When Late Night with David Letterman premiered in 1982, its ironic, prankish, smarty-pants sensibility revolutionized late-night comedy. But Letterman’s influence extends beyond the late-night shows that followed; he also trained a generation of comedy writers. The writers on shows like The Simpsons, Seinfeld, News Radio, Monk, and other great comedies all got their start with Letterman. His irreverent style even encouraged a young Kurt Andersen and some friends to launch Spy magazine.

Kurt met one of the show’s original head writers, Jim Downey, in college while they were both working on the Harvard Lampoon. Roughly a dozen Lampoon alumni ended up writing for Letterman during the 1980s. Downey says that those writers brought “the things that are often regarded as the downside of the Harvard Lampoon — a kind of silliness, a sophomoric approach to things, but with a lot of book learning in there.” That combination of stupid and smart in one vessel is at the core of the Letterman show’s genius. “I think sophomoric is a compliment,” says Downey.

That sensibility was especially evident in some of the more conceptual segments— like the time the show pitted a humidifier against a dehumidifier. “I think we kind of billboarded it like a fight,” Downey recalls. Staging a contest like that was totally out of place on network television. “It was fun to have someone like Dave who appreciated that in exactly the same way the writers did,” says Downey, “it was just a fun thing to do, it didn’t need any more defense than that.”

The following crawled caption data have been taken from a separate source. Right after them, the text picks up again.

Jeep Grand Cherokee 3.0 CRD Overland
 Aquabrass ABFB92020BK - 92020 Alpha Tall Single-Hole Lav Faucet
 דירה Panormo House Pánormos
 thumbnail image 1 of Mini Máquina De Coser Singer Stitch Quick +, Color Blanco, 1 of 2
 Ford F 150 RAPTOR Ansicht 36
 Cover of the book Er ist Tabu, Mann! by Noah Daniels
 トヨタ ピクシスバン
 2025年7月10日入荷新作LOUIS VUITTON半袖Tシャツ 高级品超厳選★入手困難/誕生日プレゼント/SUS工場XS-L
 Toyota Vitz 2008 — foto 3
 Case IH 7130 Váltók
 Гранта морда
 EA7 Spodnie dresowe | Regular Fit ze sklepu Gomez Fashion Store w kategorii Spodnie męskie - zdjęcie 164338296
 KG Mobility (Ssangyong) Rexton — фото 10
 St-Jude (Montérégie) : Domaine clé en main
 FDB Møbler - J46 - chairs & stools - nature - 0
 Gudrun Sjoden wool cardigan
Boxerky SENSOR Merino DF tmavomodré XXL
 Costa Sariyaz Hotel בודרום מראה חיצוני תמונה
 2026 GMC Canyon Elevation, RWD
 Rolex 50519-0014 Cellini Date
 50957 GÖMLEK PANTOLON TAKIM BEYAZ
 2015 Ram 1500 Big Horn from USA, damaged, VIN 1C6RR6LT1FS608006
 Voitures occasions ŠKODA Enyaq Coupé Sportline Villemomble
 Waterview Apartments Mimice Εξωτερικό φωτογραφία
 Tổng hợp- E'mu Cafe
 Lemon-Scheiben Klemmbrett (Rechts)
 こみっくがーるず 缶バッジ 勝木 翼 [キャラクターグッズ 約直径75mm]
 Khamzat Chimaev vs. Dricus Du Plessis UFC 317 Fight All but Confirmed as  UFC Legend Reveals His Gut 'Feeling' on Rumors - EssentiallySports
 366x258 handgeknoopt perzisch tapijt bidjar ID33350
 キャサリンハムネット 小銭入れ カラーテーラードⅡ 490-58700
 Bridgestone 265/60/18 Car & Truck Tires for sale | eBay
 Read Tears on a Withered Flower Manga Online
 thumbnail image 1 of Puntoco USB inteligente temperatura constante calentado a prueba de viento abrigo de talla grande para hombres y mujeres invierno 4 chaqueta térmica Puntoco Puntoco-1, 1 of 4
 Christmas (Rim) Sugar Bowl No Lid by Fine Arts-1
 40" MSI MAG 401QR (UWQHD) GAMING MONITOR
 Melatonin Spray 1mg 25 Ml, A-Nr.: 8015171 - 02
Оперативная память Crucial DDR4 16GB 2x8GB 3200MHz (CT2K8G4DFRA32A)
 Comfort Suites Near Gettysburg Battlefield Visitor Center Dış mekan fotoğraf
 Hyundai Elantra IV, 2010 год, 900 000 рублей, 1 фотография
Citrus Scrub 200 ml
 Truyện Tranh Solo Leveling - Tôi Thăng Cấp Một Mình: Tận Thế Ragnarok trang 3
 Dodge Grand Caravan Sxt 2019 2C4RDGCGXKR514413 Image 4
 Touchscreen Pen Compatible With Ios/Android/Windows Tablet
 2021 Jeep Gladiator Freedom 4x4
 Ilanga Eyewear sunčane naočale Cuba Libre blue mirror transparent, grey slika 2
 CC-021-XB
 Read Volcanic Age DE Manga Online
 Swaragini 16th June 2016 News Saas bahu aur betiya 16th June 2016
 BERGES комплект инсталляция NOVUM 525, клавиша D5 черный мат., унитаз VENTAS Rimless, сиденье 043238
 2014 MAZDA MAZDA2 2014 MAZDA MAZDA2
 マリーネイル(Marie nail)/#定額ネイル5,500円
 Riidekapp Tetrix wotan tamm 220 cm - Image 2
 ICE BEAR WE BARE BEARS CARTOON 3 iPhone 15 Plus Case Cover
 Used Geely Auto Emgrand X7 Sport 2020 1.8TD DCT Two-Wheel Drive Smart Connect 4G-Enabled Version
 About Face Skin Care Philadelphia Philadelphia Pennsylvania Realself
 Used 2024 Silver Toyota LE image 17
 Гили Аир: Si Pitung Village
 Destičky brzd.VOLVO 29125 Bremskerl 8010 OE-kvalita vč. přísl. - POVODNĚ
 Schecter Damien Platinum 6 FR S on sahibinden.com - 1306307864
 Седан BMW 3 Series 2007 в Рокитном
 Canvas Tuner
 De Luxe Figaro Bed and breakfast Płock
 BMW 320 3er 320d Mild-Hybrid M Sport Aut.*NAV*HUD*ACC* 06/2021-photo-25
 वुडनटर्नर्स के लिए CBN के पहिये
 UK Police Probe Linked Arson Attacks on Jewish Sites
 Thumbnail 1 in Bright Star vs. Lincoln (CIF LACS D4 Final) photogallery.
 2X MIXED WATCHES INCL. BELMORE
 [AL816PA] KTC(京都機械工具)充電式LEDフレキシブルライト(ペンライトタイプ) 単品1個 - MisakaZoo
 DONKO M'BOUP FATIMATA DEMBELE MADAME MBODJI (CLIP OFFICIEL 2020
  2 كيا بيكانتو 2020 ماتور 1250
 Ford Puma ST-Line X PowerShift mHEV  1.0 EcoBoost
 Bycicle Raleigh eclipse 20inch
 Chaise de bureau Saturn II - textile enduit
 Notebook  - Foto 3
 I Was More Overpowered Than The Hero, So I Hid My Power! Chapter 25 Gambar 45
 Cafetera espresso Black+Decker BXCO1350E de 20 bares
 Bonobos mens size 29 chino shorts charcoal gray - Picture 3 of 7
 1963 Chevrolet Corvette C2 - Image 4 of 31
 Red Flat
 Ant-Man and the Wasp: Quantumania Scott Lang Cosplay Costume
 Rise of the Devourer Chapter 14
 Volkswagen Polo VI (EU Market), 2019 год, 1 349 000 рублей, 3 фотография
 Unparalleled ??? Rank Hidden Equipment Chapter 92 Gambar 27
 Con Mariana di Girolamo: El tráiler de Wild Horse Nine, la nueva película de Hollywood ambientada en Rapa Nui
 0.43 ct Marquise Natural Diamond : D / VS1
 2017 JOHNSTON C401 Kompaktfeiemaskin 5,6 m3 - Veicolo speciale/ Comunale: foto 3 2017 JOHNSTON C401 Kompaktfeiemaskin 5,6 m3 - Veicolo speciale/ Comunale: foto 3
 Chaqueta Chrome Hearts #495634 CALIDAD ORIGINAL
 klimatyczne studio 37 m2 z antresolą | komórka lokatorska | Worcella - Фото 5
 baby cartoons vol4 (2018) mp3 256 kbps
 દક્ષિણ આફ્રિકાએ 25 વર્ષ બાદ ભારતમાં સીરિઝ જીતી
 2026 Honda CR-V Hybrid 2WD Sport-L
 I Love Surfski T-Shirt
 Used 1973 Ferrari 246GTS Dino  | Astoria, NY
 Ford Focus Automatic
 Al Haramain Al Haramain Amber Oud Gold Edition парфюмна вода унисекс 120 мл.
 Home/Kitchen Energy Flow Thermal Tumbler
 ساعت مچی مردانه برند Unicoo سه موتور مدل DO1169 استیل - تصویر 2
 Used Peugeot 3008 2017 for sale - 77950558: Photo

The show was also revolutionary for its use of remotes— those segments that sent Dave out of the studio. “He would go around to those various places and he would just introduce the audience to strange things,” explains Downey. Like the famous “Just Bulbs”bit that took Dave to a New York City store called “Just Bulbs” that sold nothing but light bulbs. “Dave went there and just kept asking her for other kinds of things,” Downey remembers. “He was great on his feet— and he had a great attitude. He was a wise guy.”